• **EXERCISE AIM**
Omit all pictures. Quote the lines from the one with "Fire 4 Cash" through the end of the listing below, exactly as they appear.

• **COLLECTED DATA**
--
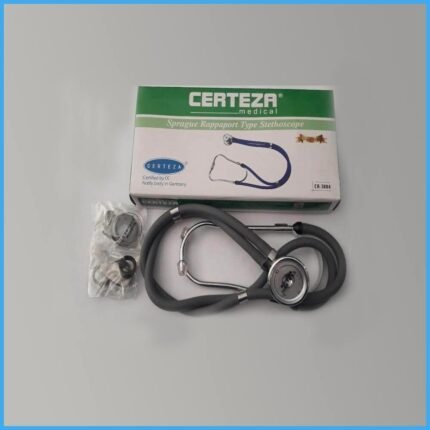 Certeza CR3004 Stethoscope (Rappaport Head/Dual Tube)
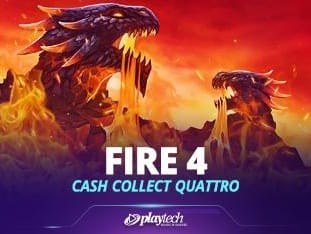 Fire 4 Cash Collect Quattro™ A1 game thumbnail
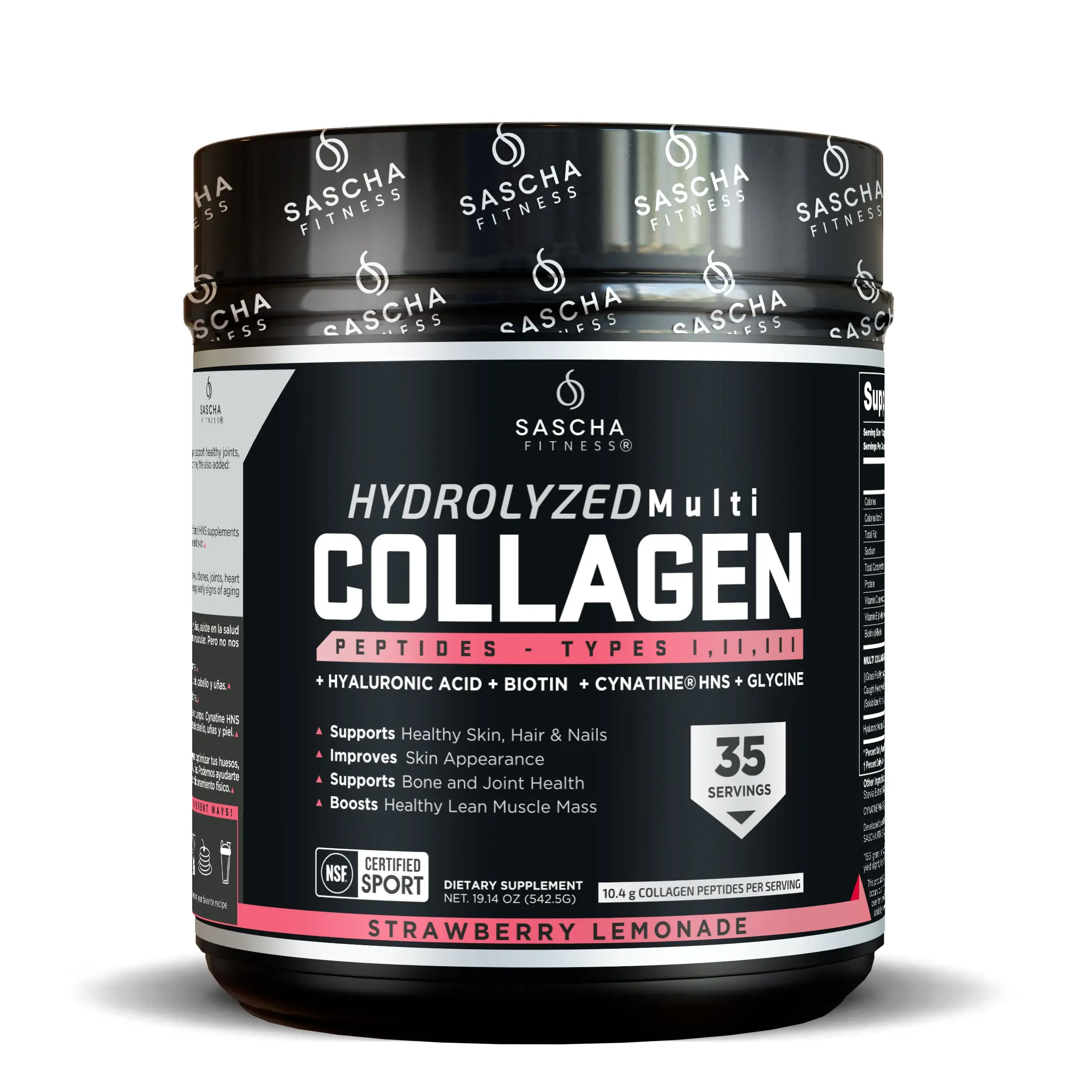 COLLAGEN STRAWBERRY LEMONADE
--
• **SOLUTION TO THE PROBLEM**
 Fire 4 Cash Collect Quattro™ A1 game thumbnail
 COLLAGEN STRAWBERRY LEMONADE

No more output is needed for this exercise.